I was looking over some software tests today and they had different testing addresses such as test.com or test@test.com. This got me to thinking, isn’t there a standard site or address that we should use for testing? It didn’t take me long to find my answer; example.com. More on that in a bit.

Security Concerns

A couple of thoughts that came up while thinking about this; where is my information going while testing with made up sites and what kind of data am I sending? From a security standpoint, using unknown sites for testing may reveal flaws, sensitive data or PII to parties that may not have the best intentions in mind. Let me throw a hypothetical out there. Suppose I am a party that sees an opportunity to purchase the domain name tester.com. My reason for purchasing such a domain is not for legitimate reasons but rather as a honey pot. With that honey pot, I harvest the information by pulling in emails that come to that domain. Once that information is in hand, they could sell it on the dark web. Thankfully, my honor is paramount to me so I will not do such a thing.

Real Life Examples

A quick search on whois found the following: test.com has a private registration in the United States. We don’t know who owns this site. The question here is what are their intentions for the data they gather? Registration for somewhere.com is private in Panama. Nowhere.com redirects to a media outlet in Germany that looks like a simple front site. The last update for this site? 2012. I’m not saying that this one is, but its suspicious in the very least. A web advertising agency owns the site Test-site.com. There is a potential that the owner of test@test-site.com may add emails gleaned from tests to spam lists. How would your clients feel about a sudden influx of spam?

Other Concerns

A less evil, but realistic concern using random sites is that some of these sites could be real and legit.
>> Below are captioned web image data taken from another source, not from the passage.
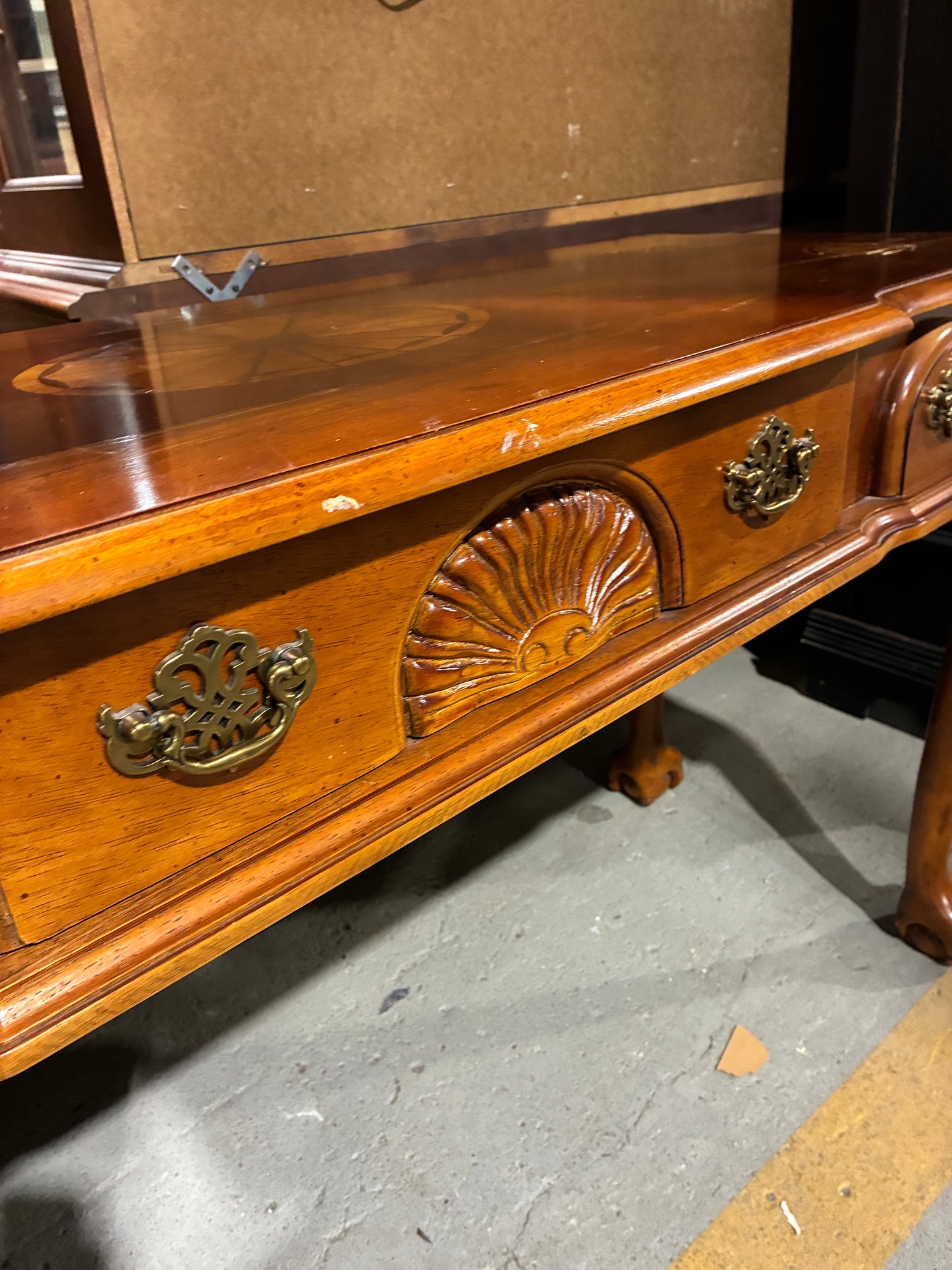Traditional Cherry Wood Sofa Table with Single Drawer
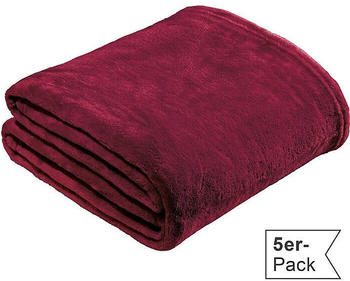 REDBEST Fleece Wohndecke Amarillo im 5er-Pack violett 150x200 cm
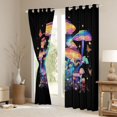 thumbnail image 3 of Homewish Glowing Botanical Mushrooms Kitchen Curtains,Stars Butterfly Black Out Curtains Pack of 2 (42x63 Each),Black Purple, 3 of 6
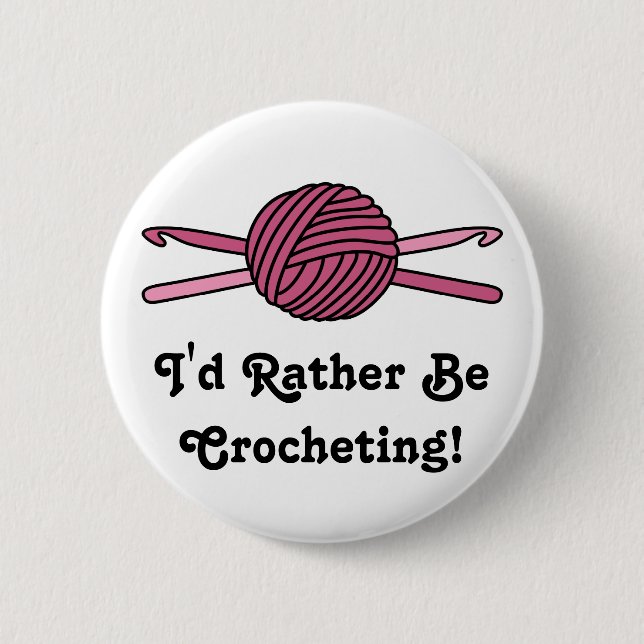 Pink Ball of Yarn & Crochet Hooks Pinback Button (Front)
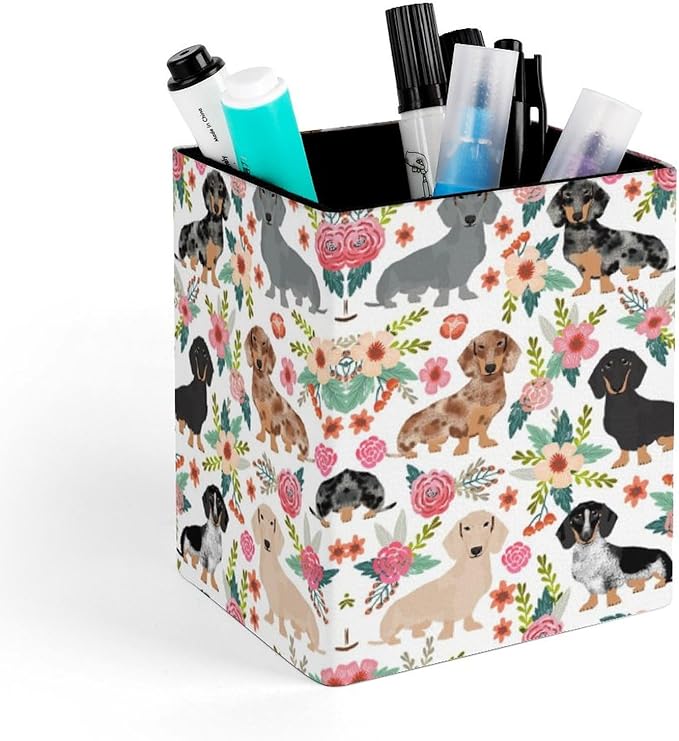 Square Pen Holder & Pencil Organizer for Desk - Office Storage Organizer, Markers/Makeup Brushes/Scissors Holder, Compact Desk Decor Accessories for Home Classroom School(Dachshund)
Take, for example a company named Pinacle Associates; I have no idea if such a company exists and please don’t bombard them with emails. Tes Thompson is an SVP for Public Relations for this company. For emails, this company decided on the naming scheme of first name last initial. In this case, Tes’s email would be test@pinacle-associates.com; again, I don’t know if this exists, so please be kind and don’t spam it. Imagine the amount of mail she must get if a test team decided to use her email address for testing?

The Solution: Example Domains

So what is the solution then? Set aside for the very purposes of testing and documentation are Example.com, example.net, example.org and example.edu. The Internet Corporation for Assigned Names and Numbers or ICANN owns and manages these domains. These are the folks that give out and manage domain names.

Conclusion

So the moral of the story here is that you should always use one of the example domains. Using a domain such as example.com when testing software will help prevent inadvertently leaking PII data. Your company or client values their data and wants it kept secure.